* [TRY IT]: Below are some records; quote exactly the lines from the one that contains "Halong bay full" through the one that contains "Photo showing: Blick", inclusive, and no others.

(Scraped caption text data)
======

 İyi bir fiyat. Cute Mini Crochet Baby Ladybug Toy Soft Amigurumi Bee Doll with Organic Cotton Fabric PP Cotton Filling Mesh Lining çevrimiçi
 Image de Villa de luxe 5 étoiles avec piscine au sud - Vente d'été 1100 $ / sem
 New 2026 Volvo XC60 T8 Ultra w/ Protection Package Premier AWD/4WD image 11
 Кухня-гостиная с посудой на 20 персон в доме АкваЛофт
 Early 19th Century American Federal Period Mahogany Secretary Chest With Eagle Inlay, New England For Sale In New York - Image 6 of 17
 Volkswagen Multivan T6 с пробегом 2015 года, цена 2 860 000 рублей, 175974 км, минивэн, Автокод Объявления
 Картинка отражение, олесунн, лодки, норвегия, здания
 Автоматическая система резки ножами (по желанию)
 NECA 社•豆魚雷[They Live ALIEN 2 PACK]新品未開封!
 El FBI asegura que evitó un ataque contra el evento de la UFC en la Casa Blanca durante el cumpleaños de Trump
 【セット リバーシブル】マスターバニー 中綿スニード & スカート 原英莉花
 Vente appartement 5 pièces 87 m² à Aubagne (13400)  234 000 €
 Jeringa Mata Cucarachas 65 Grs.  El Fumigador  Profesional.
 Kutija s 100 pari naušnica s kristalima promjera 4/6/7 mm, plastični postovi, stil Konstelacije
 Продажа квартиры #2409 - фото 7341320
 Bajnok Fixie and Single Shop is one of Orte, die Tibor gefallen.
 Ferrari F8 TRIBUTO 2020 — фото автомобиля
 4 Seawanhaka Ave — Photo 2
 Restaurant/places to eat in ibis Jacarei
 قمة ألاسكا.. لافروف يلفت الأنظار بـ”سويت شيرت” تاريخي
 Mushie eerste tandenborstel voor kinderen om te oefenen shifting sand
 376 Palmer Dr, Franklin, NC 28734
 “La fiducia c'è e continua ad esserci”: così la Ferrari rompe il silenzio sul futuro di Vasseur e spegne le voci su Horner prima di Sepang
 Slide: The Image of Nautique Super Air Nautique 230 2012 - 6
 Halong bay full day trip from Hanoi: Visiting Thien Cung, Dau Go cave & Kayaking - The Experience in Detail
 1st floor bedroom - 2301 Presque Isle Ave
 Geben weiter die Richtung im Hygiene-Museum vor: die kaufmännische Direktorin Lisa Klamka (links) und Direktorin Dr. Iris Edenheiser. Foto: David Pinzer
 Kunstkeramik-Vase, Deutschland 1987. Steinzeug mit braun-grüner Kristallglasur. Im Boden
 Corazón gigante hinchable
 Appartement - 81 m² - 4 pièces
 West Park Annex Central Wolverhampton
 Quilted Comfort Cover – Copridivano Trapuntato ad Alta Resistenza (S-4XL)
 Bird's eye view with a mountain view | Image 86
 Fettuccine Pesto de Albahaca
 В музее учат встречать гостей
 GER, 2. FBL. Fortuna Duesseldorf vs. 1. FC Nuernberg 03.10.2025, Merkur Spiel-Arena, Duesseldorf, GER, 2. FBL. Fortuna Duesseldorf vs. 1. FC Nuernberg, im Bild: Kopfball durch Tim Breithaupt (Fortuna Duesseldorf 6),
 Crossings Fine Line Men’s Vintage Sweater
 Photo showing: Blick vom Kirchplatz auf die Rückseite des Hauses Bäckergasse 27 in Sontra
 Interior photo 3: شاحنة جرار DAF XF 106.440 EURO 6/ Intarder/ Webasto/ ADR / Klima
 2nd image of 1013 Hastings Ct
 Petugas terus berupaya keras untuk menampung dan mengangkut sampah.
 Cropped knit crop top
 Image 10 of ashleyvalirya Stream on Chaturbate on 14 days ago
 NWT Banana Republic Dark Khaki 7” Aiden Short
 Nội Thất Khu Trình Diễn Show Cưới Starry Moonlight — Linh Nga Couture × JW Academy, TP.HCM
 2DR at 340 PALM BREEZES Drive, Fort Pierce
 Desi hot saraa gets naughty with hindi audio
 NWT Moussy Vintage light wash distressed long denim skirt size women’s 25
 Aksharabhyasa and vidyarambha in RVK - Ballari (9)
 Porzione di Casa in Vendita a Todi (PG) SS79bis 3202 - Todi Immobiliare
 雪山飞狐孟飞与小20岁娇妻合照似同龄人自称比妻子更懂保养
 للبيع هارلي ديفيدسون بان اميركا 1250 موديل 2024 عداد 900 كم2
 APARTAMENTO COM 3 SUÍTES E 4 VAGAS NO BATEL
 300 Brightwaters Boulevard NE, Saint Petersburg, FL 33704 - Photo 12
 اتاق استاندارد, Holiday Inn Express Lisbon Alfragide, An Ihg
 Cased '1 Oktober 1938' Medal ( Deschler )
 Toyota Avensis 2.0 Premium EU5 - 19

======

* [ANSWER BOX]:
 Halong bay full day trip from Hanoi: Visiting Thien Cung, Dau Go cave & Kayaking - The Experience in Detail
 1st floor bedroom - 2301 Presque Isle Ave
 Geben weiter die Richtung im Hygiene-Museum vor: die kaufmännische Direktorin Lisa Klamka (links) und Direktorin Dr. Iris Edenheiser. Foto: David Pinzer
 Kunstkeramik-Vase, Deutschland 1987. Steinzeug mit braun-grüner Kristallglasur. Im Boden
 Corazón gigante hinchable
 Appartement - 81 m² - 4 pièces
 West Park Annex Central Wolverhampton
 Quilted Comfort Cover – Copridivano Trapuntato ad Alta Resistenza (S-4XL)
 Bird's eye view with a mountain view | Image 86
 Fettuccine Pesto de Albahaca
 В музее учат встречать гостей
 GER, 2. FBL. Fortuna Duesseldorf vs. 1. FC Nuernberg 03.10.2025, Merkur Spiel-Arena, Duesseldorf, GER, 2. FBL. Fortuna Duesseldorf vs. 1. FC Nuernberg, im Bild: Kopfball durch Tim Breithaupt (Fortuna Duesseldorf 6),
 Crossings Fine Line Men’s Vintage Sweater
 Photo showing: Blick vom Kirchplatz auf die Rückseite des Hauses Bäckergasse 27 in Sontra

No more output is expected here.